Мне стало ее жаль, и я замолчал. Видя, что я не возражаю, Муходавлев успокоился и принялся снова ораторствовать о своем департаменте, а затем ловко перевел разговор и на свой дом. Он выложил перед нами все подробности: сколько он за него заплатил, – дом куплен был на деньги его первой жены при помощи каких-то особенно счастливых комбинаций, граничащих с мошенничеством; сколько доходу он дает, какие выгоды от того или другого вида помещения и т. д. Очевидно, все это он говорил для меня. «Вот, дескать, я каков, а у тебя что есть – шиш. А
тоже рассуждаешь!»
Ко мне весь остальной вечер Муходавлев относился сдержанно, но крайне холодно и уже больше не обращался ни с какими разговорами. Только раз, когда с чиновничьим благоговением упомянул он имя одного высокопоставленного лица, а я при этом лаконически вставил далеко не лестный эпитет, относящийся до этого лица, он язвительно обратился ко мне:
– А позвольте спросить, почему вы такого мнения о сем достойнейшем господине, разве он вам знаком?
– Я думаю, больше, чем вам, я у него иногда бываю в доме, ведь это же мой дядя.
– Ваш дядя? – воскликнул Муходавлев, и, несмотря на явную антипатию ко мне, вся его фигура изобразила вдруг совершенно машинально в силу рефлекса глубокое подобострастие. – Я и не думал!
– Что же это вас удивляет? – усмехнулся я, – У меня не он один, вы знаете Z?
– Еще бы, помилуйте, не знать такое лицо, да его вся
Россия знает, – всплеснул он руками.
– Ну Россия не Россия, а в Петербурге, пожалуй, знают, ну так вот жена его, рожденная Чуева, сестра моего отца.
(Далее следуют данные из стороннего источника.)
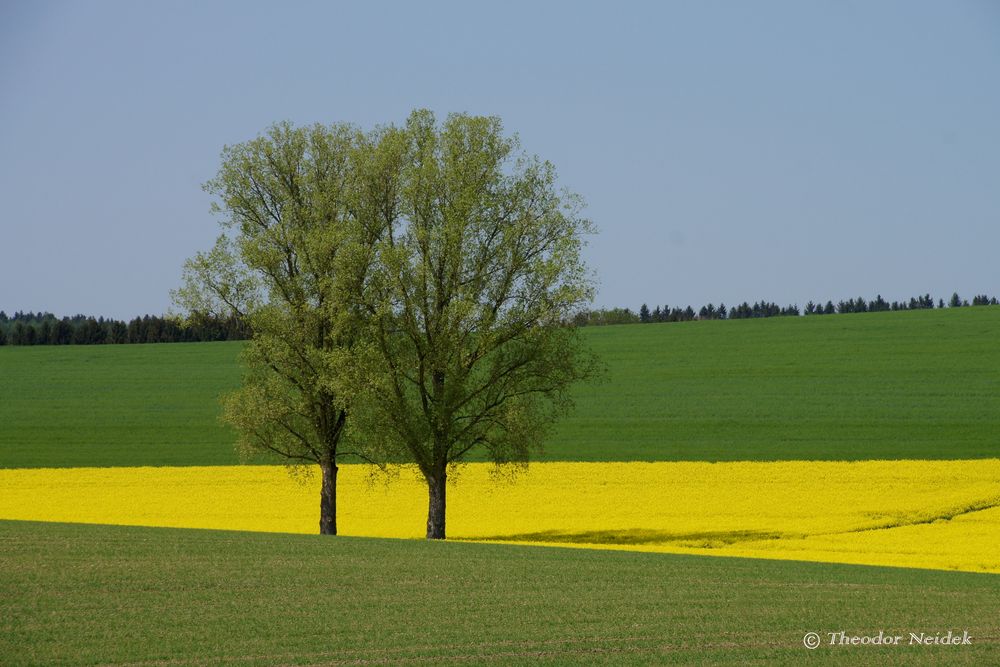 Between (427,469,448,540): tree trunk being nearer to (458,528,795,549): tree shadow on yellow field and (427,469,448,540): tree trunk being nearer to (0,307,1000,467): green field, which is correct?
(458,528,795,549): tree shadow on yellow field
– Сестра вашего отца?! – воскликнул Муходавлев. – И
при таком родстве вы не служите!!! Боже мой, да дайте мне такое родство, я бы давно из столоначальников прямо в директора попал!
Я молча пожал плечами.
– Всякий устраивает свое счастье по-своему, – усмехнулся я, – мы с вами друг друга не поймем, потому я вам и объяснять не буду, почему я не служу.
Этот ответ уязвил его, и он снова тотчас же перешел в тот тон, какого держался со мною доселе, но я видел, что открытие во мне родственника Z, имевшего большое влияние в министерстве, где служил Муходавлев, значительно обескуражило его, ясно даже показалось, что он как бы стал остерегаться меня, взвешивать каждое слово. Уж не боялся ли он, что я донесу на него?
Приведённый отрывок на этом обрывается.